Phillips’ comments came in reference to her colleague, Sarah Champion MP, who quit the Labour shadow cabinet after writing a controversial article in The Sun about Pakistani and Muslim men abusing white girls.
Phillips admitted that the article was crudely phrased. She lamented that Labour leader Jeremy Corbyn did not broker a deal to enable Champion to stay on in her position as shadow equalities minister.
“It gives more power to people who go: ‘It’s political correctness gone mad,’ and that people like me are trying to protect the perpetrators,” Phillips further said.
The Ann Craft Trust, which works with people with learning disabilities, said there was a “serious problem” among disabled British Asians being forced into marriage without giving their proper consent.
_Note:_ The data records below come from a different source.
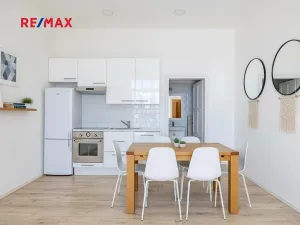 Prodej rodinného domu, Vráž, Nad Loděnicí, 219 m2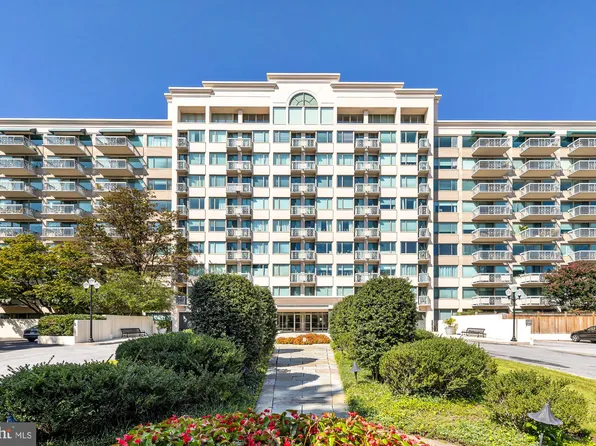 5450 Whitley Park Ter APT 512, Bethesda, MD 20814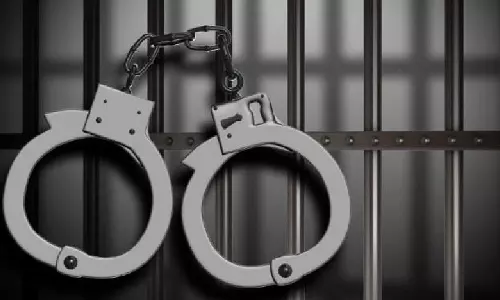 വൈദികനെ ഹണിട്രാപ്പിൽ കുടുക്കി 40 ലക്ഷം രൂപ തട്ടി; യുവതിയും ആൺ സുഹൃത്തും അറസ്റ്റിൽ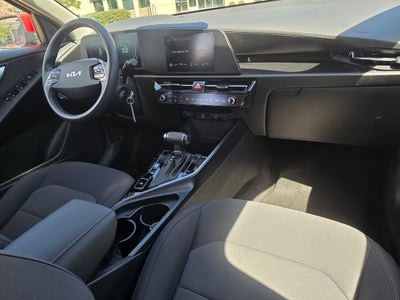2025 Kia Niro LX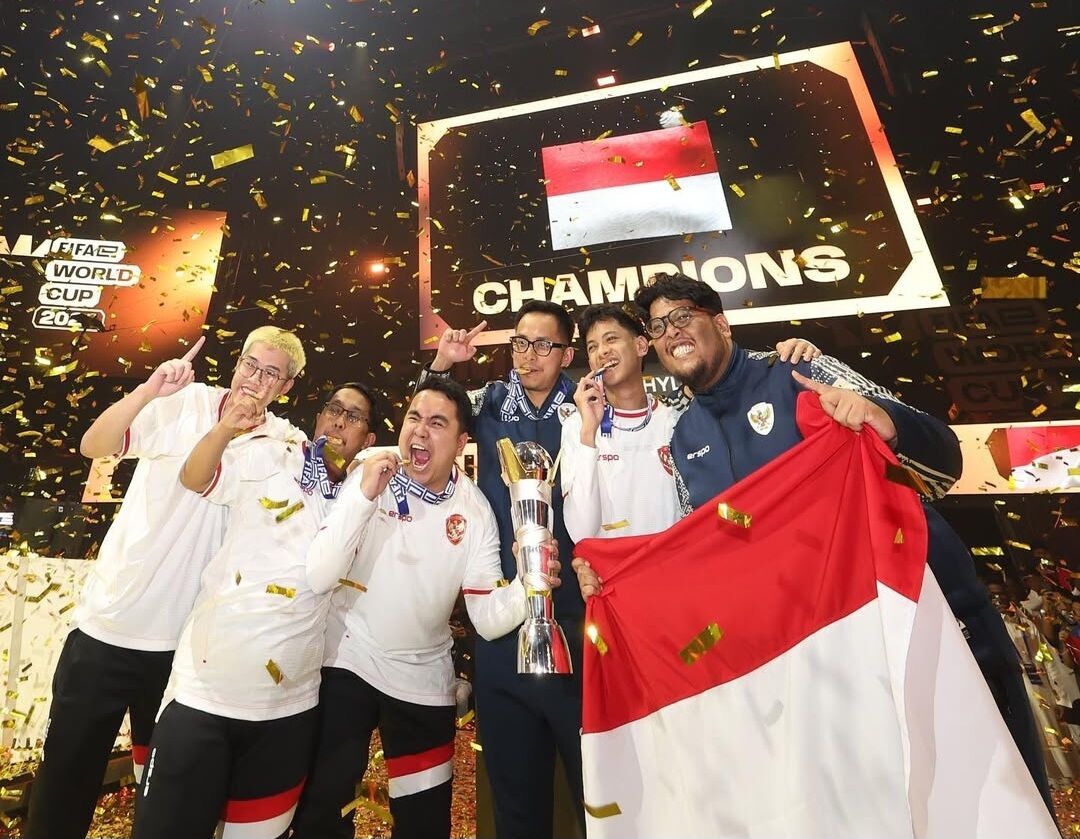 E-SPORT -- Ciptakan Sejarah Baru, Indonesia Juara Dunia FIFAe World Cup 2024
Approximately one in 10 cases that are reported to the British government’s forced marriage unit concern people with learning disabilities. Research conducted by the Ann Craft Trust found that a large majority concerned those from South Asian communities.
Assistant Professor of Social Work at Nottingham University Rachael Clawson, who is studying the issue, said: “We will see people trying to use this to get people in as a loophole. But the most common situation is that families really think they are doing their best for their [disabled] son or daughter by getting them a carer.”